M-1 (Michigan highway)

M-1 marker

Woodward Avenue
Route information
Maintained by MDOT
Length: 21.48 mi[1] (34.57 km)
Existed: 1970[1] – present
Automotive Heritage Trail All-American Road
Major junctions
South end: Adams Avenue in Detroit

I-94 at Detroit
M-8 at Detroit
M-102 at Ferndale

I-696 at Royal Oak
North end:
BL I-75 / BUS US 24 near Pontiac
Counties: Wayne, Oakland
Highway system

Michigan State Trunkline Highway System
Interstate • US • State

I-696 US 2

M-1, commonly known as Woodward Avenue, named for Augustus B. Woodward, is a north–south state trunkline in the US state of Michigan. Until a few years ago, the northern terminus of M-1 was at BL I-75 and BUS US 24 (Square Lake Road) in Bloomfield Township between the city limits of Bloomfield Hills and Pontiac in Oakland County. Woodward has now been extended north into central Pontiac over what once was called Wide Track Drive. The southern end of M-1 is in downtown Detroit at Adams Avenue; however, Woodward Avenue extends further south in Detroit to Jefferson Avenue.


Route description

Woodward Avenue has been the main artery of Detroit's transportation network since the incorporation of the modern plan of the city in 1805 and it therefore holds considerable cultural significance. Woodward was planned to be the most important of the five major avenues (along with Michigan, Grand River, Gratiot, and Jefferson) planned by Judge Augustus Woodward that extend from downtown Detroit in differing directions. Woodward runs north-northwest from the city's downtown area, while Grand River Avenue extends further west.

Merchants Row on Woodward between Grand Circus Park and Campus Martius Park in downtown Detroit, just south of the David Whitney Building

Many historical sites are located along Woodward Avenue, and the road was designated a Michigan Heritage Route by the Michigan Department of Transportation-Design Division in July 1999 and as a National Scenic Byway by the Federal Highway Administration National Scenic Byways Program on June 13, 2002.

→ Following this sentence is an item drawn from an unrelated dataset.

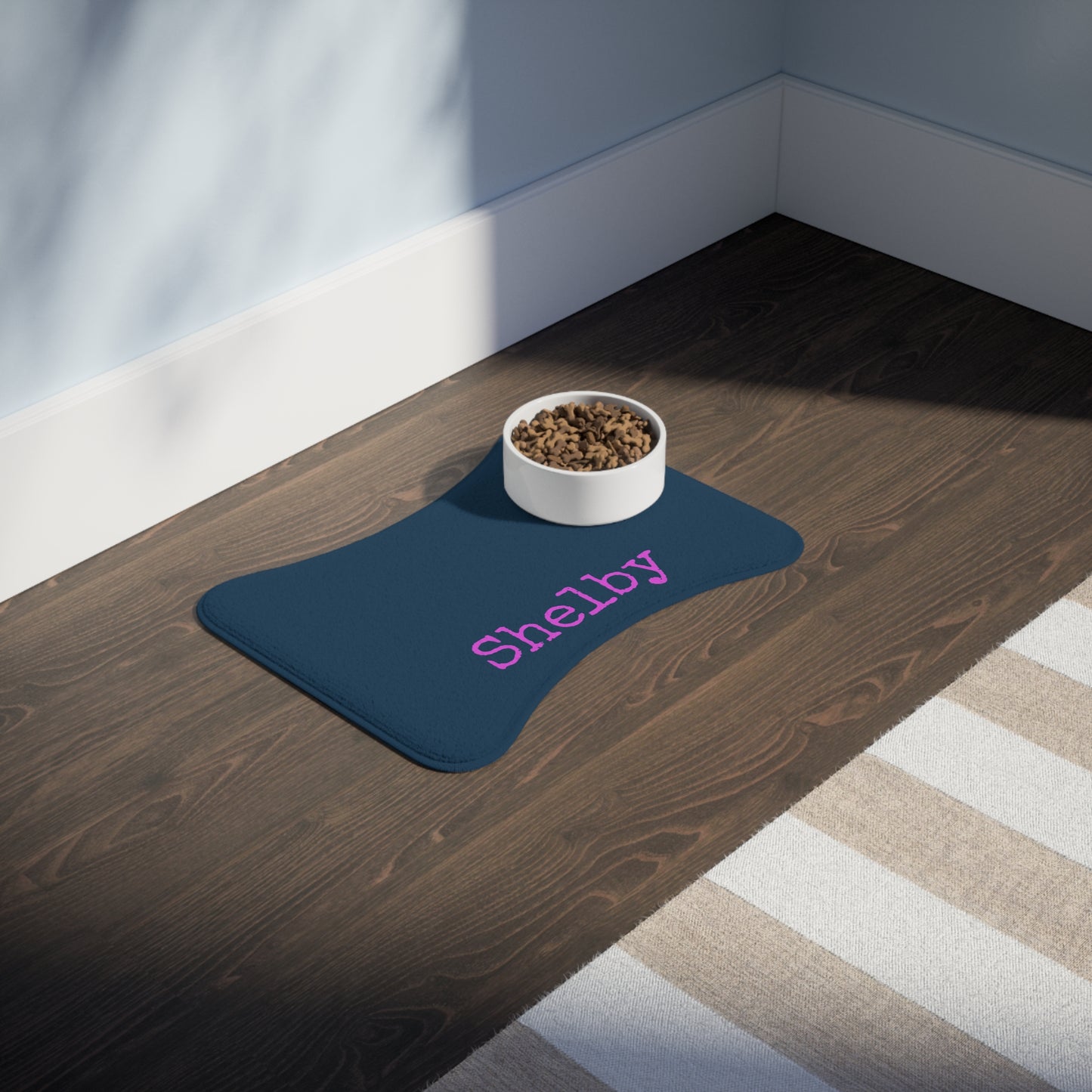 Personalized pet feeding mat in cadet blue with custom name, made for pets, by Printify, showing a soft, durable fabric mat.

In 1909, the stretch of Woodward Avenue between Six Mile and Seven Mile Roads became the first mile of road in the world to be paved with concrete.

Woodward Avenue in Detroit

Many of Detroit's most important cultural fixtures are located on Woodward in downtown Detroit, including the Fox Theatre, Comerica Park and Ford Field. Farther north, the Detroit Institute of Arts, Wayne State University, and the College for Creative Studies are located on Woodward Avenue. In Oakland County, the important cities of Ferndale, Royal Oak, and Birmingham, including the Detroit Zoo, are centered on Woodward Avenue.

The Woodward Dream Cruise takes place on Woodward Avenue between Pontiac and Ferndale in Oakland County during the middle of summer. The annual event draws thousands of classic car owners and admirers from all over the United States and the world to the Metro Detroit area to celebrate Detroit's automotive history. The event evokes nostalgia of the 1950s and '60s, when it was common for young drivers to "cruise" with their cars on Woodward Avenue.

The total length of Woodward Avenue/M-1 is 21.48 miles (34.57 km), and Woodward Avenue continues into downtown Pontiac after the M-1 designation ceases. In Pontiac, the portion of Woodward Avenue also known as "The Loop" was previously called "Wide Track Drive." Woodward Avenue also continues southerly in Detroit past the southern terminus of M-1 to end at Jefferson Avenue.


Looking south down Woodward Avenue from the Maccabees Building with the Detroit skyline in the distance, July 1942. The Edwin S. George Building is on the left, about ⅔ of the way up.

M-1 was designated by the Michigan Department of Transportation (MDOT) in 1970. Prior to that, Woodward Avenue was designated as US 10. Between Jefferson Avenue and Grand River Avenue, Woodward at one time carried three US routes — US 10, US 12, and US 16, as all three terminated at the junction with US 25, which was routed on Jefferson at the time. All of Woodward Avenue, through "The Loop" in downtown Pontiac, was designated US 10, which extended northward along Dixie Highway.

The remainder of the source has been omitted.